Общеизвестно, что первоисточником «Фиделио» послужила двухактная опера (или — по обозначению афиши — «исторический факт») «Леонора, или Супружеская любовь»,
текст Ж.-Н. Буйи (Bouilly), музыка П. Гаво; премьера ее состоялась в парижском театре Фейдо 17 февраля 1798 года. Жан-Никола Буйи (1763—1842) —достаточно квалифицированный литератор, драматург и сценарист, сочинивший за свою жизнь немало мелодрам, водевилей и оперных либретто;1 среди последних, кроме «Леоноры», мы встречаем либретто «Водовоза» или «Двух дней» — по названию французского подлинника — Керубини (1800), удостоившееся лестной оценки Гёте.35 36 В основе сюжета «Леоноры» — о чем говорит и ее подзаголовок — лежит действительное событие, имевшее место в Туре во время якобинского террора, к которому сам Буйи, занимавший административный пост, имел некоторое касательство (в мемуарах он говорит о «возвышенной черте героизма и преданности, выказанной одной из туренских дам, благородным усилиям которой я имел счастье пособить»).

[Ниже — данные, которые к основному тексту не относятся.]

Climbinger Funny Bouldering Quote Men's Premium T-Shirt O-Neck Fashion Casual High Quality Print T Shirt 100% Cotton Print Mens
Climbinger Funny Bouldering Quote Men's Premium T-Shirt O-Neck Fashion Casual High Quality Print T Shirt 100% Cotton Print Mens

Чтобы замаскировать еще свежие в памяти события (а о якобинской диктатуре во времена Директории вспоминать не полагалось), Буйи переносит действие в Испанию, как несколькими годами раньше Это сделал и Бомарше со своей трилогией о Фигаро (по документам, опубликованным известным французским театроведом Лэнтильяком в 1893 году, в первой редакции действие «Свадьбы Фигаро» происходило не в Испании, а во Франции, и даже в царствование Людовика XVI, причем в тексте был намек на Бастилию и т. п., отчего взрывчатый характер комедии Бомарше еще более усиливался). Испанский костюм сюжета Буйи ни в какой мере не повлиял ни на посредственную музыку Пьера Гаво (1761 — 1824), более известного по термидорианскому гимну «Пробуждение народа», ни, тем более, на гениальную музыку Бетховена: впрочем, оперные композиторы доромантиче-ского периода вообще больше заботились об общечеловеческой, нежели «локальной» правде; об этом красноречиво свидетельствует отсутствие «испанизмов» в моцартовских «Свадьбе Фигаро» и «Дон-Жуане».